• [EXERCISE]
Look at each line of the records and count those with "Road" in them. Please answer with the count alone.

Records excerpted from a collection
== Segment start ==

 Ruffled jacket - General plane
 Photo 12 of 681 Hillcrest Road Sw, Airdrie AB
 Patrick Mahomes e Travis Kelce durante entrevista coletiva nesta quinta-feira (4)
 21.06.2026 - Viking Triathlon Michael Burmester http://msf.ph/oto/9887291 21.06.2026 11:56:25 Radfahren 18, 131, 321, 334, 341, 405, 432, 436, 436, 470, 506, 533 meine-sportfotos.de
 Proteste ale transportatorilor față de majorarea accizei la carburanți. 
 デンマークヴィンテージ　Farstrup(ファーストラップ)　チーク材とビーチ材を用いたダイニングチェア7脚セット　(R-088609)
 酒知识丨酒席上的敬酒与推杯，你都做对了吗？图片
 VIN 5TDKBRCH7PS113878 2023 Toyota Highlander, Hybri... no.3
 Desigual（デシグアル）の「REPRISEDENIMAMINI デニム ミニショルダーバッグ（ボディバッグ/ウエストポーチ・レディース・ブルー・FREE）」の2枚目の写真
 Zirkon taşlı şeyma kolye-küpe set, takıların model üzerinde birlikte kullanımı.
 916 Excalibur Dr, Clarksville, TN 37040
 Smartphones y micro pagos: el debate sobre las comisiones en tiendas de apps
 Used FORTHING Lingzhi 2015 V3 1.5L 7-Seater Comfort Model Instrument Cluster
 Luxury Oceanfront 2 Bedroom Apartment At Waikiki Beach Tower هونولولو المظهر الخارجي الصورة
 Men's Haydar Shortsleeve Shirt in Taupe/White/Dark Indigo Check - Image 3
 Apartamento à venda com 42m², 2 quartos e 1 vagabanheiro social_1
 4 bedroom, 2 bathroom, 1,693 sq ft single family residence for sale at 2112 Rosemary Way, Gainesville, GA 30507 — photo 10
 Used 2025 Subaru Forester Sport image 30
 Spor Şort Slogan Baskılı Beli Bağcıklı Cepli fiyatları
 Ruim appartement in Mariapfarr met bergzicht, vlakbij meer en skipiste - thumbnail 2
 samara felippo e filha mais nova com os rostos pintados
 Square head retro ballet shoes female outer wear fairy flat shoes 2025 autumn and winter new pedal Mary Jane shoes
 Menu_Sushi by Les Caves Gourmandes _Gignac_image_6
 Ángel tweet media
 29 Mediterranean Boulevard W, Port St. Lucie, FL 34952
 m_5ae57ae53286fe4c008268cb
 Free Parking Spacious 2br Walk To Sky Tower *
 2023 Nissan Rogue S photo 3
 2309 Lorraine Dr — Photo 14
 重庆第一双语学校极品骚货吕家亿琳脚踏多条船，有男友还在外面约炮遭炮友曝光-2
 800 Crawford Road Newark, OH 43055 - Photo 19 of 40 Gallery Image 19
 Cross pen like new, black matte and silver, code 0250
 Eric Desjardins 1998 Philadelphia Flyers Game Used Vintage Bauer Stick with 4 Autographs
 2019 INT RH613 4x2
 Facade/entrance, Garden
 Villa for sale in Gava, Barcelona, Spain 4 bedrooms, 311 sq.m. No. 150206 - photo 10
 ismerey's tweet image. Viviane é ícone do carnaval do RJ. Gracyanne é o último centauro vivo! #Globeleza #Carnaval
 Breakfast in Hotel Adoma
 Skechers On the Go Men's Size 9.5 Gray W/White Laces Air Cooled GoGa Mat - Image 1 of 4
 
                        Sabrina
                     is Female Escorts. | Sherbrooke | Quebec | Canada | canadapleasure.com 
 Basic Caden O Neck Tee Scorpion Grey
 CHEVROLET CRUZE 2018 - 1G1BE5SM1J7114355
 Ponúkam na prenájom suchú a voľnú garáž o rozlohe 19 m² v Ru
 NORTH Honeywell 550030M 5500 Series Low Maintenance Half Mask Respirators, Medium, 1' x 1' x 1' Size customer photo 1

== Segment end ==

• [EXERCISE RESPONSE]
2